▶ Your objective:
Below, find the line containing "Ilulissat fjord, Greenland, 20 Sep 17" and the line containing "High Quality Wooden"; reproduce exactly those two and every line between them, omitting pictures.

▶ Material for this task:
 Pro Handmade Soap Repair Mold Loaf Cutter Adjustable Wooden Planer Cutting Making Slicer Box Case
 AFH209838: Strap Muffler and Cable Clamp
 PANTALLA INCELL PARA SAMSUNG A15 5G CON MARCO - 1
* * *
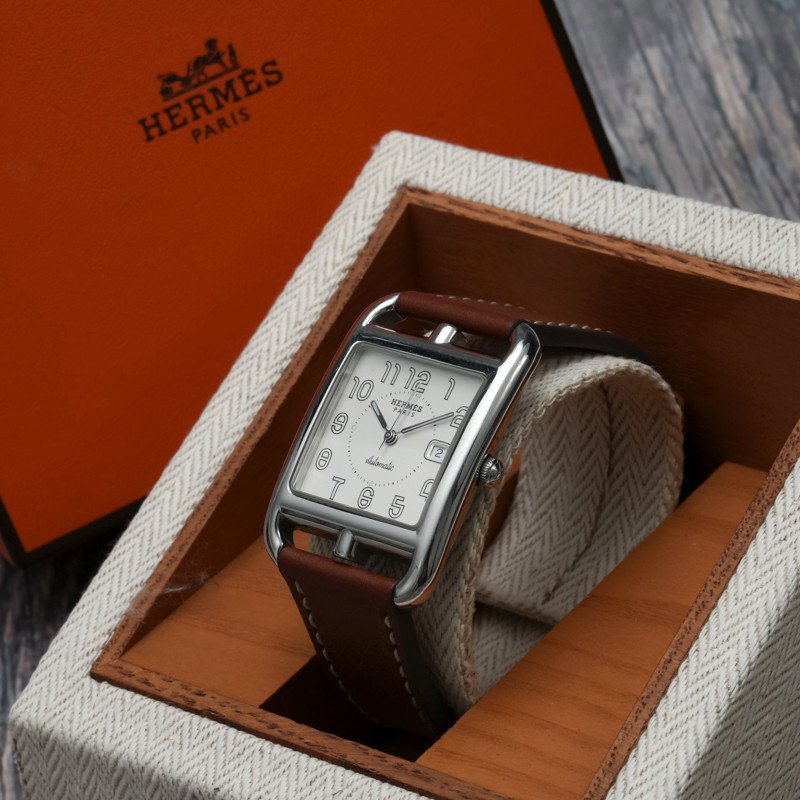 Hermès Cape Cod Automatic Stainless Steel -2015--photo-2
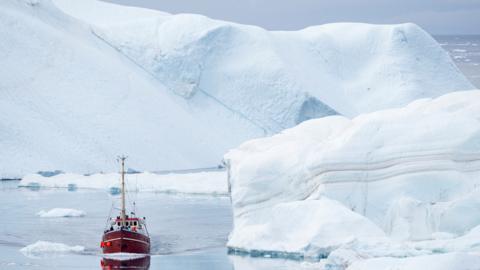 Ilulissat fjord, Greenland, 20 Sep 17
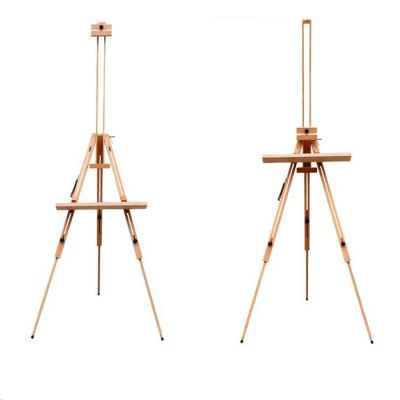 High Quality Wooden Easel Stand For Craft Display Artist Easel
==
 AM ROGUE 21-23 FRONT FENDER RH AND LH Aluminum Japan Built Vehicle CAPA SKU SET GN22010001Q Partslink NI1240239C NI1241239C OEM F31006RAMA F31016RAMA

▶ Response:
 Ilulissat fjord, Greenland, 20 Sep 17
 High Quality Wooden Easel Stand For Craft Display Artist Easel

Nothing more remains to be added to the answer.